** What to work on **
In the copy, include all of the listing exactly and none of its pictures.

** Data records **
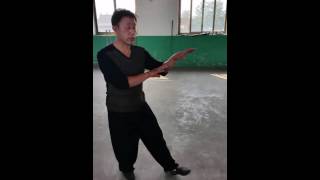 Song Style Xingyi Beng Quan 宋氏形意崩拳 [upl. by Kimmel929]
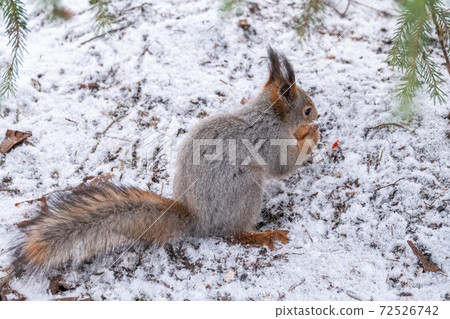 The squirrel sits on white snow with nut in winter. 72526742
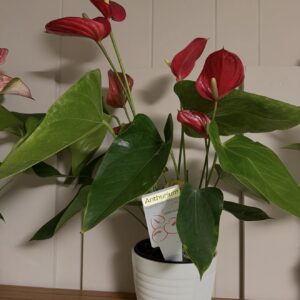 Ruffled Anthurium, Frilled Anthurium – Anthurium Plowmanii ‘Fruffles’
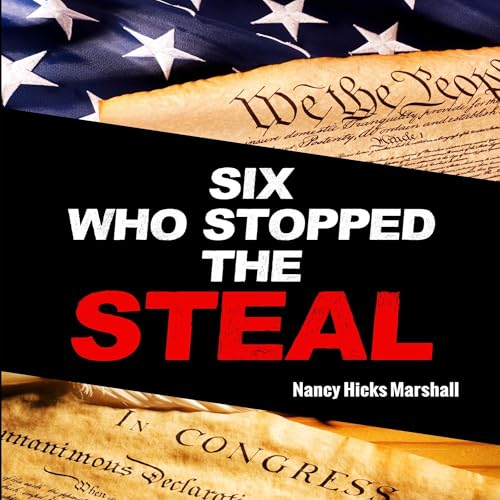 Cover of Six Who Stopped the Steal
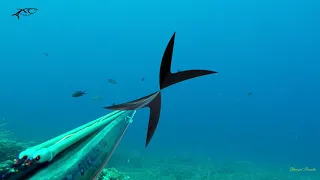 Spearfishing Trip - Dugi Otok (Croatia)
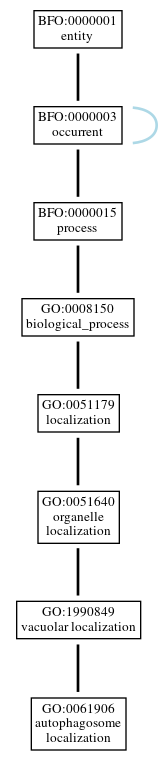 Graph of GO:0061906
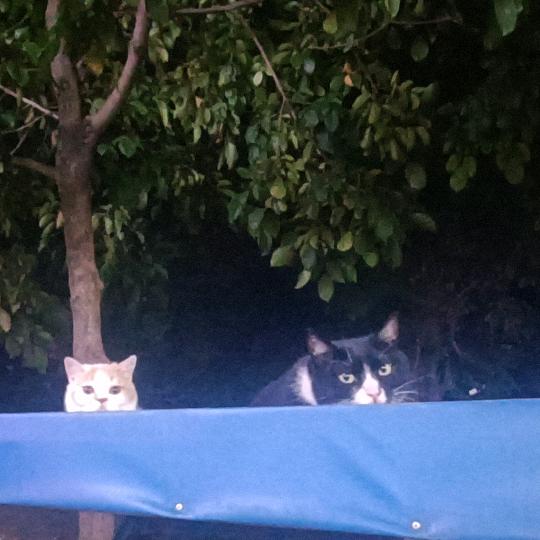 奶牛猫白小探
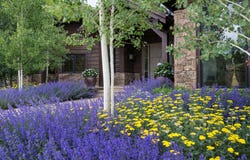 212 SUN PEAK Dr, Sun Valley, ID 83353
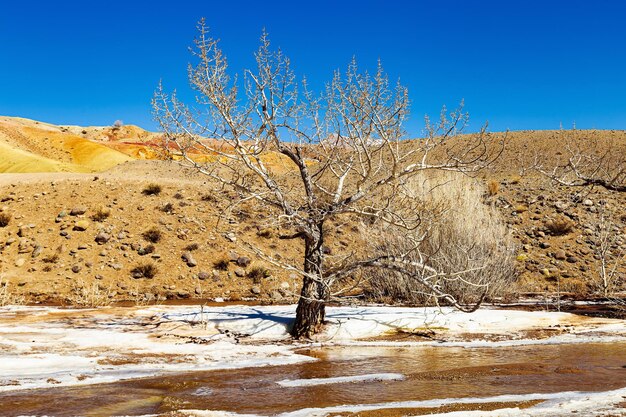 Colorful Mars in Altai Mountains Martian valley beautiful landscape in Altai Republic Russia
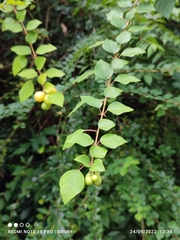Gmelina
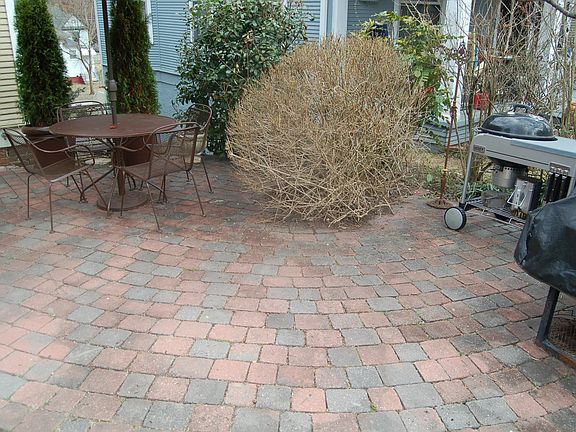 3rd image of 4706 Alabama Ave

** Response box **
 Song Style Xingyi Beng Quan 宋氏形意崩拳 [upl. by Kimmel929]
 The squirrel sits on white snow with nut in winter. 72526742
 Ruffled Anthurium, Frilled Anthurium – Anthurium Plowmanii ‘Fruffles’
 Cover of Six Who Stopped the Steal
 Spearfishing Trip - Dugi Otok (Croatia)
 Graph of GO:0061906
 奶牛猫白小探
 212 SUN PEAK Dr, Sun Valley, ID 83353
 Colorful Mars in Altai Mountains Martian valley beautiful landscape in Altai Republic Russia
Gmelina
 3rd image of 4706 Alabama Ave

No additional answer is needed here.